Tutorial 1 (buildah/apptainer/unet)
.1. Introduction
This tutorial aims to run a deep learning algorithm on GLICID computing clusters using your own Dockerfile. We will use the example
It is broken down into several parts:
-
creation of the apptainer image using buildah.
-
start training an AI model on the Nautilus cluster using a submit script
-
Python script which performs semantic segmentation.
.2. buildah
On Glicid clusters, you will not find the docker container solution. On the other hand, apptainer (formerly singularity) is available.
What if you have been using Docker for a while and have some existing Dockerfiles? Not a problem. Buildah can build images using a Dockerfile. The build command takes a Dockerfile as input and produces an OCI image..
.2.1. create the apptainer image with buildah
Example of dockerfile for the tutorial: Dockerfile_unet-gpu
FROM tensorflow/tensorflow:2.10.1-gpu MAINTAINER Aymeric BLONDEl RUN apt-get update && \ apt-get upgrade -y && \ apt-get install -y \ python-setuptools #apt install python3.8-venv RUN apt-get install -y cuda-compat-12-1 RUN apt-get install -y nvidia-cuda-toolkit RUN apt-get install -y vim RUN pip install --upgrade pip RUN pip install tf-keras RUN pip install matplotlib RUN pip install numpy RUN pip install opencv-python RUN mkdir /scratch RUN mkdir /scratch/waves RUN mkdir /scratch/nautilus WORKDIR /scratch/nautilus RUN pip install opencv-python-headless==4.5.3.56 RUN pip install scikit-learn
Creating Images From Containerfiles With Buildah
buildah bud -f Dockerfile_unet-gpu -t glicid_unet2:latest .
The Buildah utility is functionally similar to Podman in the way that it behaves, but maintains independence from Podman to facilitate the build of OCI compliant images.
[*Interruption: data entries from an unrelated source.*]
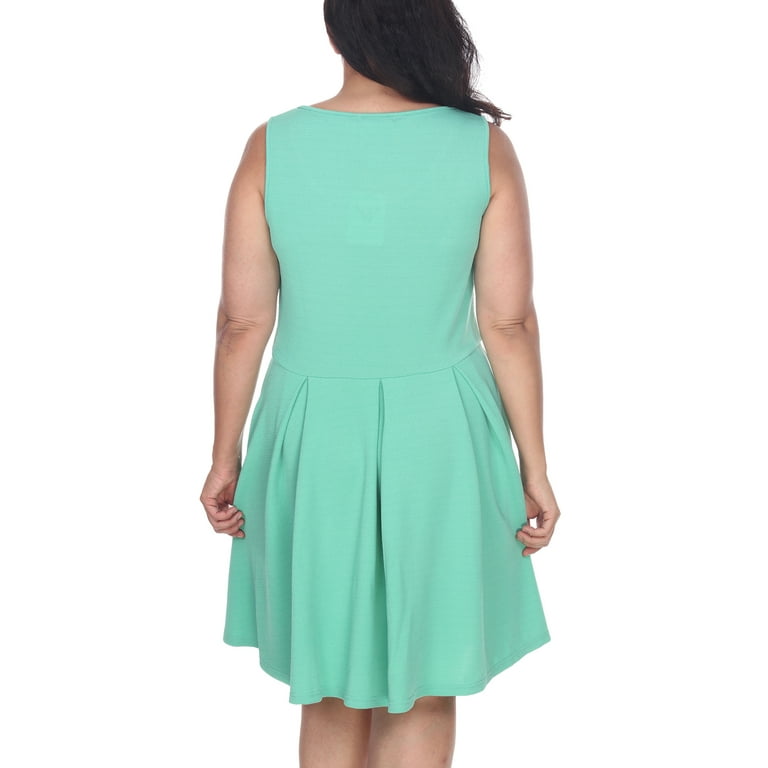 White flare top dress plus size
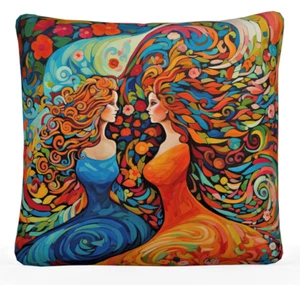 Throw Pillow Printed with Colorful Artwork: Admiration - Picture 1 of 13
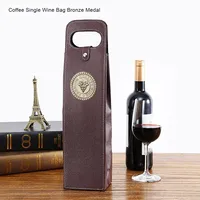 FEI TSWEI Sac en cuir pour bouteille de vin rouge, boîte élégante simple ou double, style sac à main, cadeau domestique, ensemble cadeau durable et élégant, modèle 20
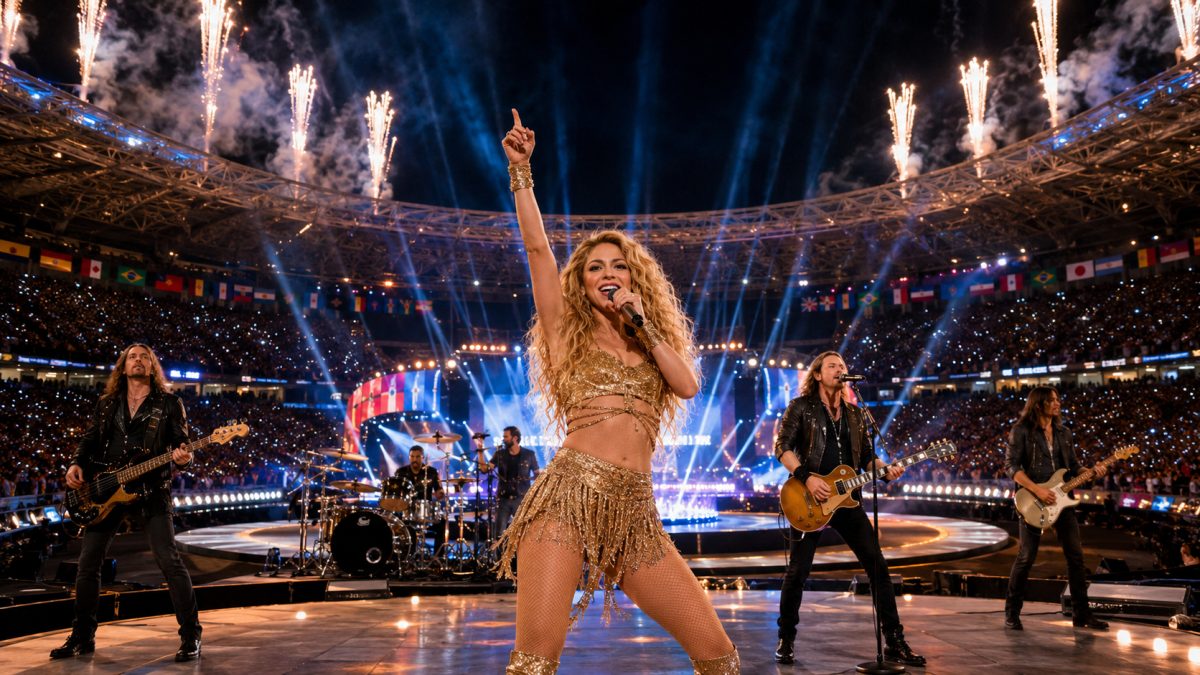 Volles Fußballstadion während einer WM-Eröffnungszeremonie mit tausenden Fans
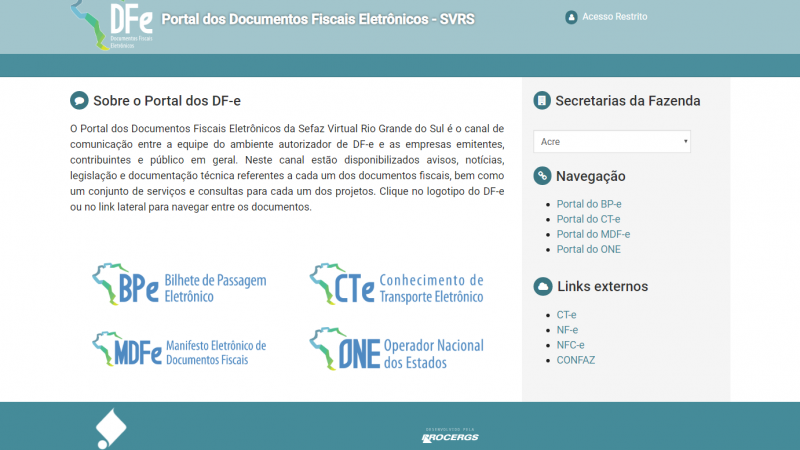 Imagem do Portal dos Documentos Fiscais Eletrônicos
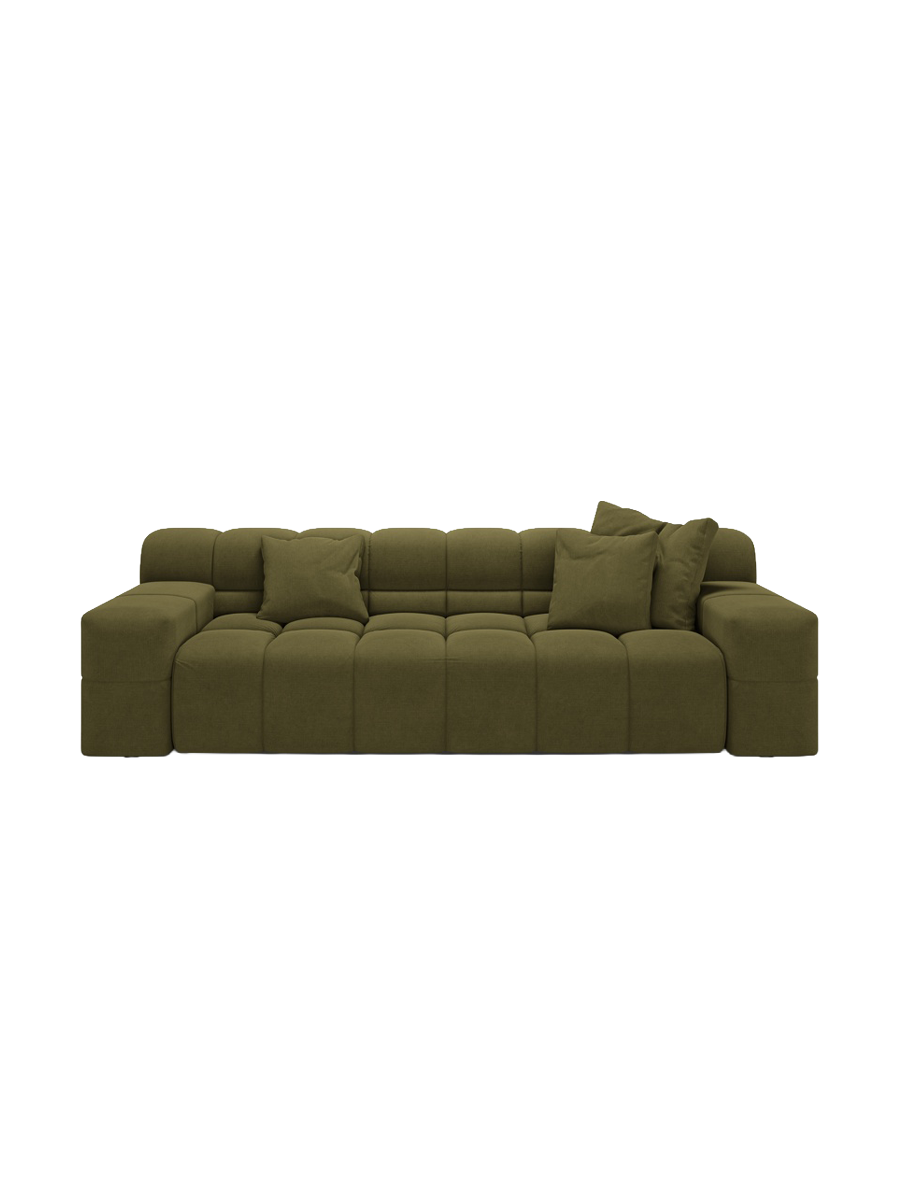 
3-Sitzer Design Sofa „Hawaii“ - Strukturstoff Grün
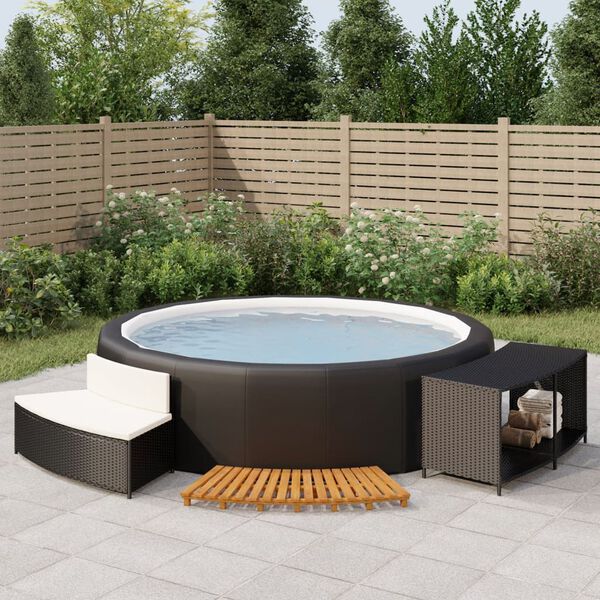 vidaXL Hottub-ombouw poly rattan en massief acaciahout zwart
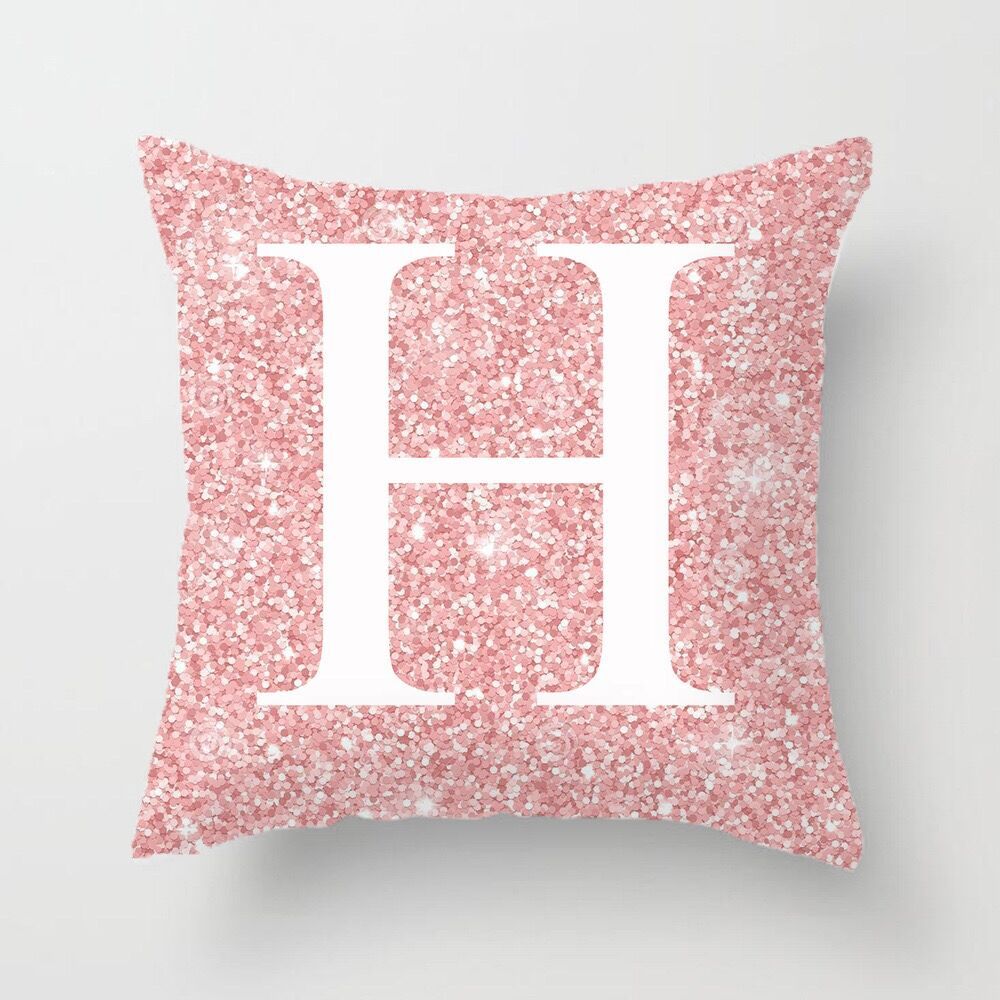 Metal Letters Peach Skin Fabric Pillow Cover Cushion Cover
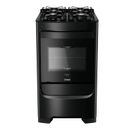 Fogão Consul 4 bocas preto com mesa de vidro e grades individuais super estáveis - CFO4VBE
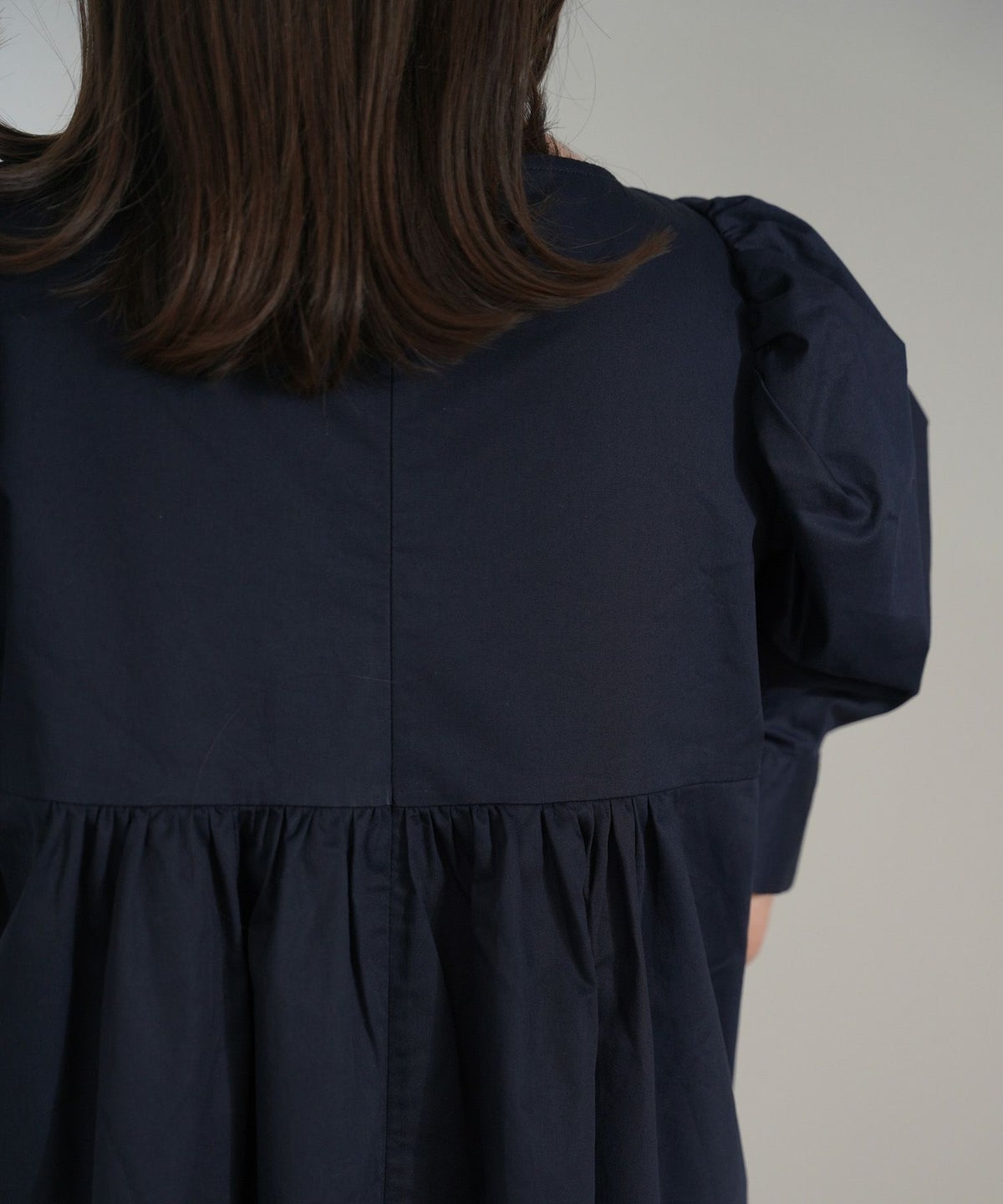 ワンピース/タイプライター ギャザー/フレアー/ワンピース/ホワイト/ベージュ/ネイビー/フリー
We want to create OCI images to be able to use them without problems with apptainer |
Apptainer is in fact an open-source technology for container management, based on OCI (Open Container Initiative) specifications, ensuring the portability of images.
By using Apptainer with OCI images, developers benefit from a consistent and portable infrastructure for their containerized applications.
We can see our image
podman images
result
localhost/glicid_unet2 latest 66e0f7f53723 About a minute ago 7.9 GB
.2.2. construction of the apptainer image from the podman OCI image
podman save glicid_unet:latest -o glicid_unet2.tar apptainer build glicid_unet2.sif docker-archive:glicid_unet2.tar
.2.3. moving the image and the dataset to Nautilus
moving image apptainer
scp glicid_unet2.sif Glicid:/LAB-DATA/GLiCID/projects/johndoeprj/apptainer-img/glicid_unet2.sif
moving the dataset
scp images_masks_tests_bande_X10_ab_22_03_24.tar Glicid:/scratch/nautilus/users/john-d@univ-nantes.fr/dataset/
We place ourselves in the correct directory:
cd /scratch/nautilus/users/john-d@univ-nantes.fr/tutounet
.2.4. creation of the submission slurm file
#!/bin/bash
#SBATCH --job-name=unetx100
#SBATCH -p gpu
#SBATCH --output=%x-%j.out
#SBATCH -t 1-00:00:00
#SBATCH --ntasks=1
#SBATCH --cpus-per-task=1 # Number of OpenMP threads
#SBATCH --nodes=1
#SBATCH --cluster=nautilus
#SBATCH --qos=short
#SBATCH --mem=20G
#SBATCH --gres=gpu:1
#SBATCH --mail-user=john-d@univ-nantes.fr
#SBATCH --mail-type=END
#SBATCH --mail-type=FAIL
source /usr/share/Modules/init/bash
module load guix/latest
module load apptainer/1.1.6
export APPTAINERENV_LD_LIBRARY_PATH=/opt":$LD_LIBRARY_PATH"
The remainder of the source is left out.